Considering voluntary adoption from 2025

FY 2025 (voluntary)

IFRS

Costa Rica

ISSB mandatory for regulated entities (2025), large taxpayers (2026)

FY 2025-2026 (phased)

IFRS

Ghana

Roadmap published; adoption targeted by 2029

By FY 2029

IFRS

Hong Kong (SAR)

Climate disclosure (S2) mandatory for listed companies; phased rollout

FY 2025-2028 (phased)

IFRS

Japan

SSBJ standards aligned with ISSB; mandatory for prime-listed in 2027

FY 2027

IFRS

Jordan

Top 20 listed companies to apply S2 from 2026

FY 2026

IFRS

Kenya

IFRS roadmap published; expected full ISSB alignment by 2029

By FY 2029

IFRS

Malaysia

NSRF adopting ISSB; phased application for listed firms

FY 2025-2026

IFRS

Mexico

Roadmap released; ISSB adoption targeted by 2029

By FY 2029

IFRS

Nigeria

Voluntary in 2024-27; mandatory for PIEs from 2028

FY 2028 mandatory

IFRS

Pakistan

SECP adopting S1/S2 via phased rollout for listed companies

FY 2025-2027 (by tier)

IFRS

Philippines

SEC aligning sustainability rules with ISSB; expected from 2025

FY 2025 (reporting on 2024)

IFRS

Qatar

QFCRA adopting ISSB-aligned rules from Jan 1, 2026

FY 2026

IFRS

Singapore

ISSB-aligned climate disclosure mandatory for listed and large non-listed companies

FY 2025 (listed); FY 2027-2029 (non-listed)

IFRS

Sri Lanka

Roadmap published; adoption planned by 2029

By FY 2029

IFRS

Taiwan (Chinese Taipei)

FSC roadmap to implement S1/S2 beginning 2026

FY 2026

IFRS

Tanzania

ISSB roadmap published; expected alignment by 2029

By FY 2029

IFRS

United Kingdom

UK consultation on ISSB aligned Standards (UK SRS)

Date TBD

UK SRS

United States-California

Companies doing business in California with over $1 billion in revenue (SB 253) and over $500 million in revenue (SB 261)

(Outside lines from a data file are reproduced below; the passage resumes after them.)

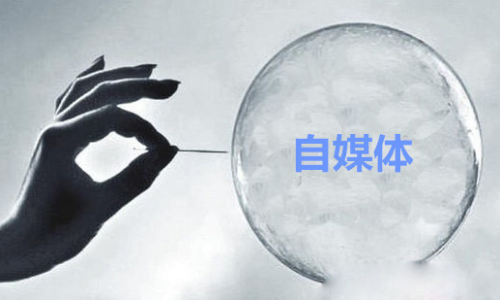 2017年正确选择精准自媒体垂直领域才大有可为 2017年正确选择精准自媒体垂直领域才大有可为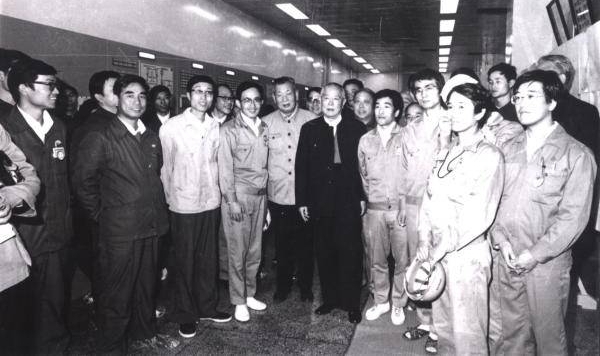 1978-2018上海市民生活记忆·口述|中日合资的华钟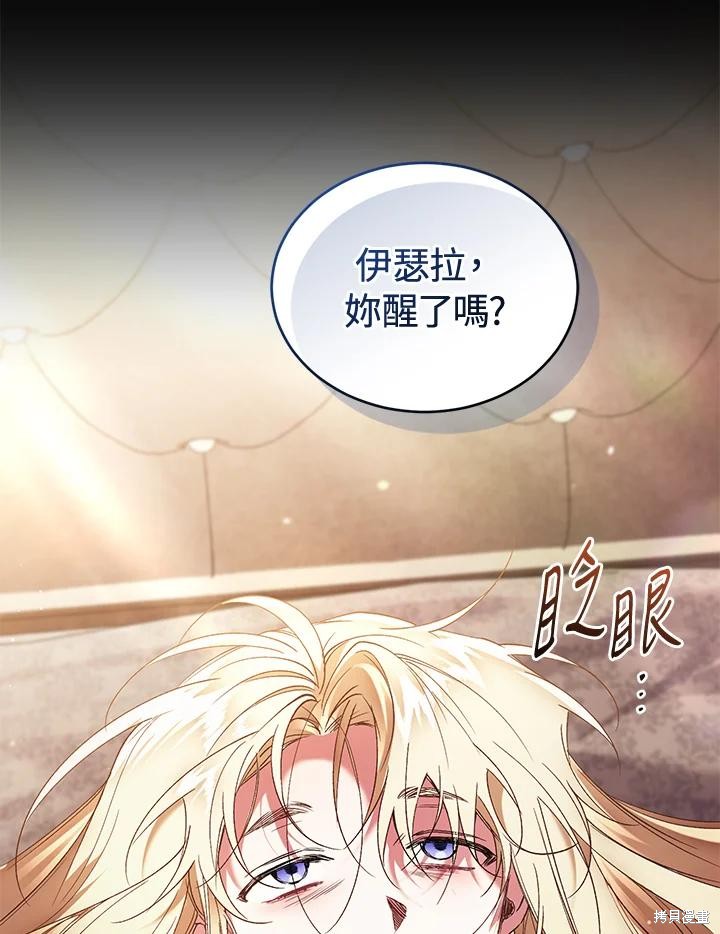 重置小姐第79话在线观看 - 第3张
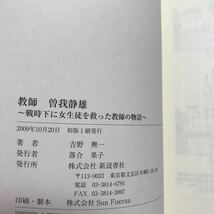 教師 曽我静雄―戦時下に女生徒を救った教師の物語　吉野 興一（著）新読書社　 [b02]_画像4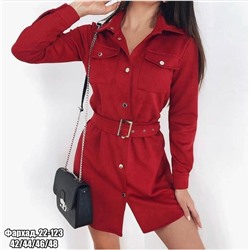 рубашка платье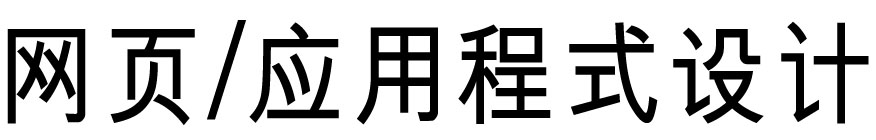 网站、应用程式设计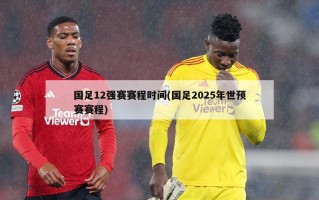 国足12强赛赛程时间(国足2025年世预赛赛程)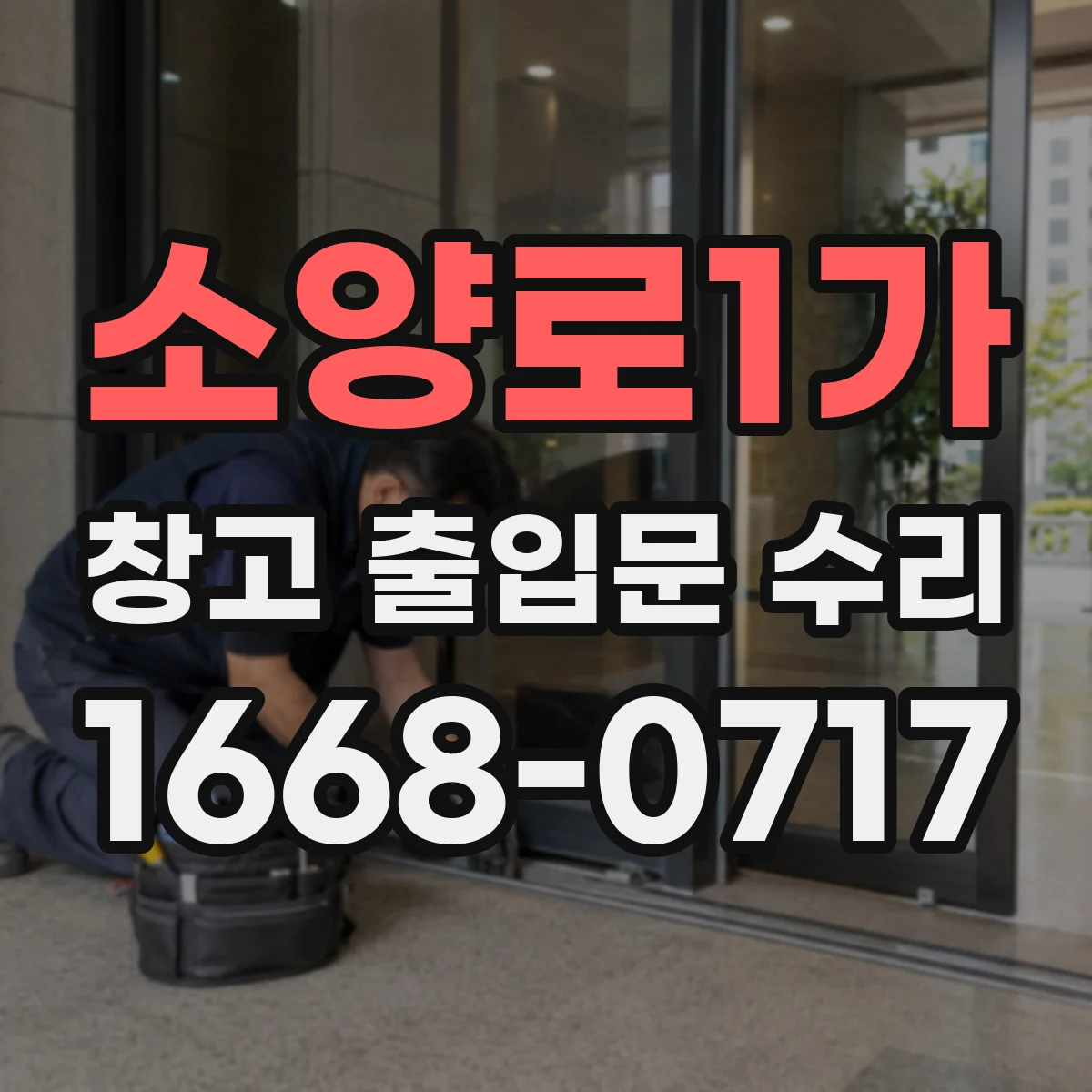 소양로1가 창고 출입문 수리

FY2025 to be reported in 2026

CARB

Zambia

IFRS jurisdictional profile includes ISSB alignment plan

By FY 2029

IFRS

The process for Companies Facing ISSB-aligned Regulations

The application of the ISSB may differ depending on the jurisdiction within which you need to report, so it is important to familiarize yourself with local requirements. However, to effectively address the new regulations, companies will need to establish a well-defined internal process. Navigating the complexities of these new global reporting standards requires a strategic and methodical approach that goes beyond simply gathering data. An anticipatory and systematic process ensures not only compliance but also a smoother transition and a more robust reporting framework.

This journey typically involves several key considerations:

What teams should be involved?

Compliance with ISSB-aligned regulations extends beyond traditional finance and accounting departments. A cross-functional approach is essential, involving stakeholders from sustainability, legal, operations, investor relations, and even product development. Establishing a dedicated working group with clear roles and responsibilities can streamline the process and ensure comprehensive coverage.

How should existing disclosure be leveraged and aligned?

Many companies already engage in some form of sustainability reporting, whether through GRI, SASB, ESRS, or other frameworks and standards. The key is to assess existing disclosures, identify overlaps with ISSB requirements, and strategically leverage existing data and processes to minimize duplication of effort and ensure alignment with the new standards. This often involves a gap analysis to pinpoint areas requiring new data collection or reporting methodologies.

How to address jurisdiction-specific reporting requirements?

While the ISSB aims for global comparability, individual jurisdictions may introduce their own nuances and specific requirements. Companies operating internationally must diligently identify and understand these regional variations to ensure full compliance across all relevant markets. This may involve engaging with local legal and regulatory experts. Additionally, the ISSB jurisdictional profiles referenced previously can be helpful resources in determining jurisdictional specific requirements for multi entity reporting.

The role of technology in ISSB disclosures

The demands of ISSB-aligned reporting-from comprehensive data collection to multi-jurisdictional compliance and external assurance-present a considerable challenge for any organization. To meet this challenge head-on, companies must move beyond reactive, siloed efforts and unify their data, processes, and teams. This new era of sustainability disclosure, driven by the need for accuracy and efficiency, makes technology a critical necessity.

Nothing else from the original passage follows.